THE TASK:
Copy all entries without alteration and skip the pictures they hold.
>>>
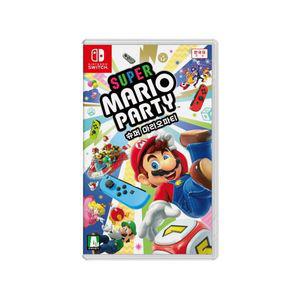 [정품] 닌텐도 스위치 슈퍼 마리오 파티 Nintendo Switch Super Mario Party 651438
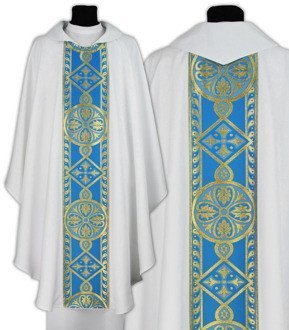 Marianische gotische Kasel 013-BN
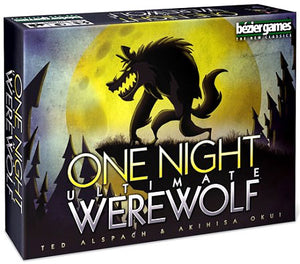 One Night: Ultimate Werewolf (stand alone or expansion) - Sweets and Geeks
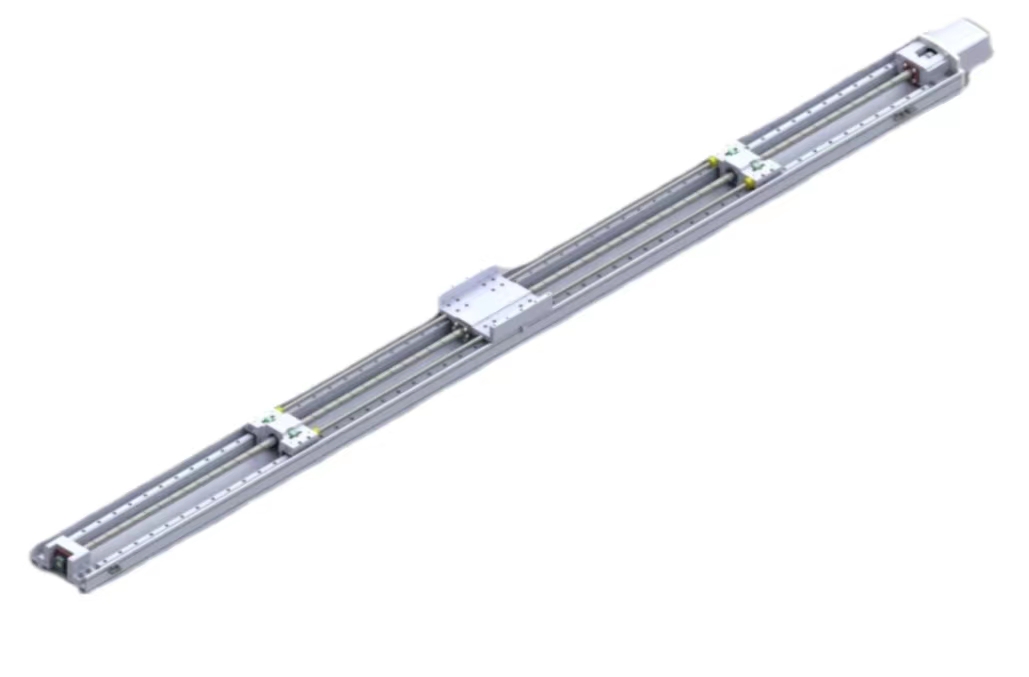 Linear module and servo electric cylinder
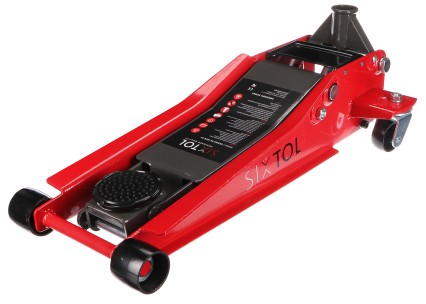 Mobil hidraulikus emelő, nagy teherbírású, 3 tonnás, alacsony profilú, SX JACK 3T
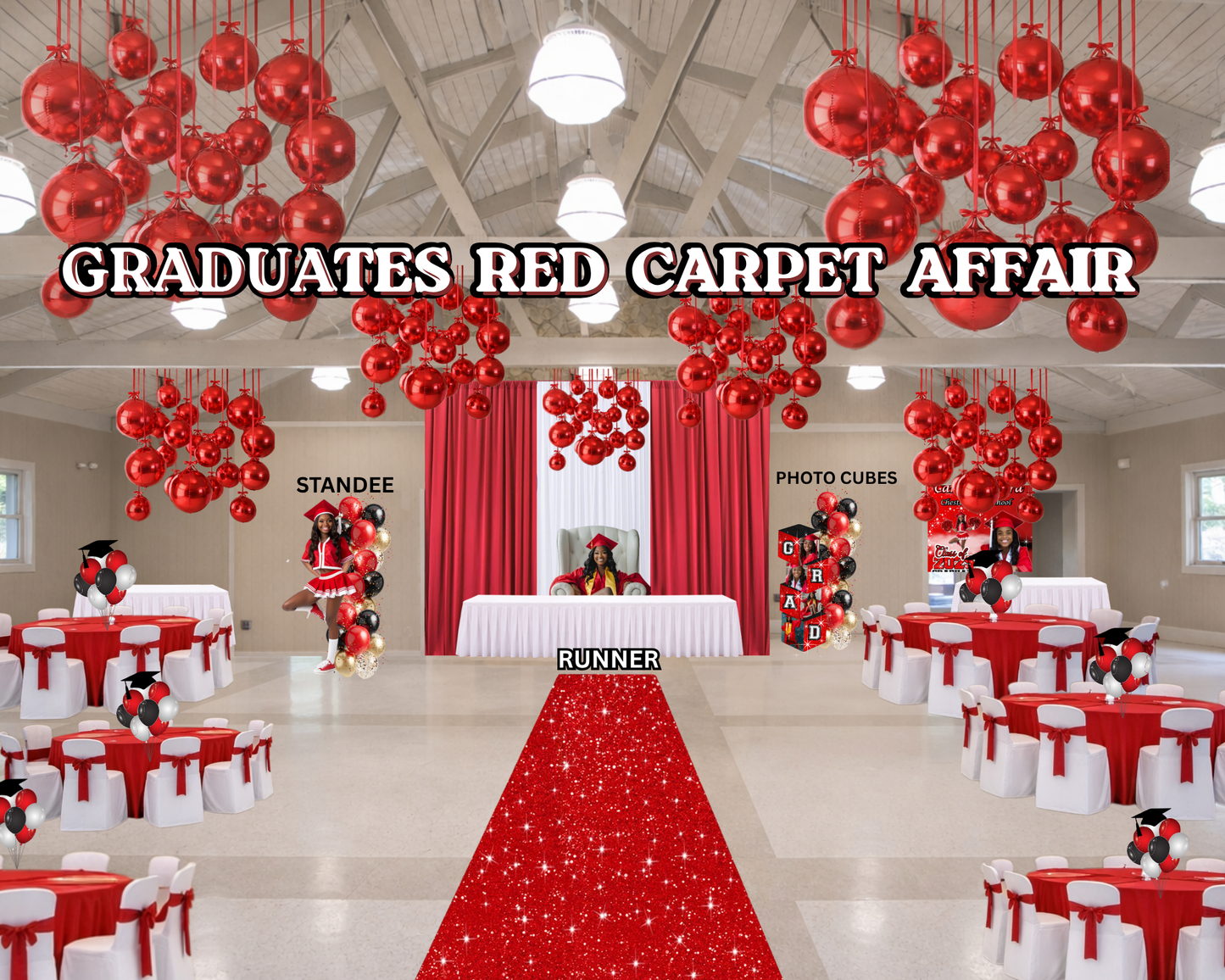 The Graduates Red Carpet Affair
<<<
RESPONSE BELOW:
 [정품] 닌텐도 스위치 슈퍼 마리오 파티 Nintendo Switch Super Mario Party 651438
 Marianische gotische Kasel 013-BN
 One Night: Ultimate Werewolf (stand alone or expansion) - Sweets and Geeks
 Linear module and servo electric cylinder
 Mobil hidraulikus emelő, nagy teherbírású, 3 tonnás, alacsony profilú, SX JACK 3T
 The Graduates Red Carpet Affair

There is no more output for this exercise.